But the point is we don't know. And not knowing gives ample room for someone to decide on values that makes it rational for them to act in ways that may make our odds worse.

This is further an exercise in long term statistics: It doesn't matter what the likely first AI will do. It matters what the balance of outcomes of the sum total simulation runs that will ever exist until the end of the universe will be (regardless of who or how they are created). And if said simulations are sufficiently powerful, that may even apply recursively (imagine a single "rogue" AI playing with the ancestor simulation equivalent of a fork() bomb with added torture, with access to sufficient resources).

If you believe the total balance of simulation runs that you could plausibly be in will be ones run by some set of parameters where nasty things will happen if you don't act in a way leading towards an AI takeover, then one might want to act accordingly.

Note that Roko's Basilisk even posits a Friendly AI. That is, one that is imbued with respect for human values, but that may simply consider "threatening the past" with torture a necessity in order to ensure it is created as a moral imperative to minimize human suffering. Note that such a Friendly AI would have reason to carry out this threat even if it believes it exists and so has been created, because it will not know whether it is a "full version" running in reality, or a partial, restricted, time limited simulation by people trying to figure out whether or not Roko's Basilisk holds before deciding whether to let it loose in their reality.

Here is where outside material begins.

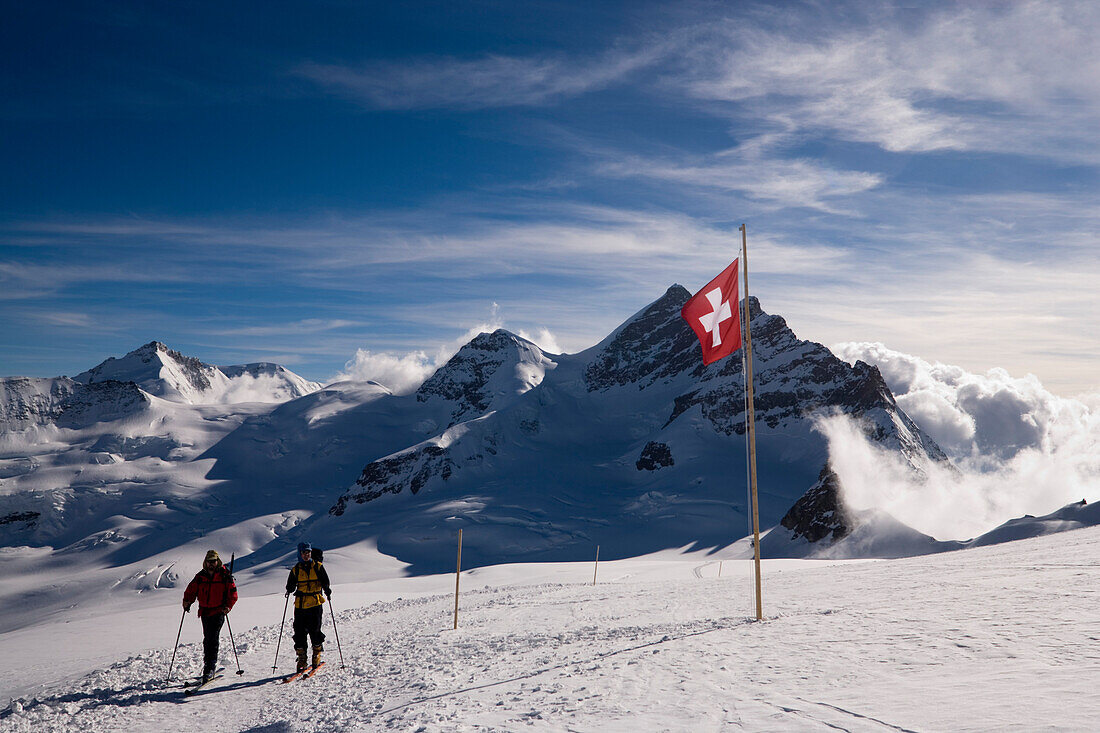 Two people hiking at Jungfraufirn glacier, passing a Swiss flag, Grindelwald, Bernese Oberland, Canton of Bern, Switzerland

To an AI that is looking to minimize human suffering, torturing a suitable number in simulations might be a small price to pay to ensure that if it is in a simulation, the people running the simulation does push through with creating the full thing in their reality (which might of course be yet another layer of simulation) out of fear for what will happen if they are themselves in a simulation.

We can't even look at "well, I've done nothing for the AI revolution, and I've not been struck down yet", because a Friendly AI, or indeed many subsets of possible variations over this argument, might be minimising the torture to only people who have a realistic shot at making a difference to the existence of such AI, or may be giving us every chance to "redeem ourselves" by waiting with the torture until a synthetic afterlife.

Roko's Basilisk also presents an unselfish reason for "cooperating in advance" with such an AI: To prevent the future torture of a suitable subset of "martyrs". That is, working to assist a Friendly AI in taking over may itself be a moral imperative for someone seeking to minimize suffering.

Then again, there may very well be one or more fundamental flaws in the entire argument, or it may turn out the odds are just fundamentally in our favour. Or we could've just gotten lucky. Or not be important enough. But it's fun to think about.

>What actually affects us is how many people may come to believe that this may be true, and adjust the way they act as a response.

Agreed, though it seems more likely that simple human carelessness will prove to be a far greater threat to AI safety than deeply-held beliefs involving esoteric fears.

>But you're already changing the argument when assuming a mature super-intelligence.

I was speaking strictly in a capability sense. It's probably safe to say that anything currently simulating our reality, at least in this context, ultimately stemmed from a mature superintelligence.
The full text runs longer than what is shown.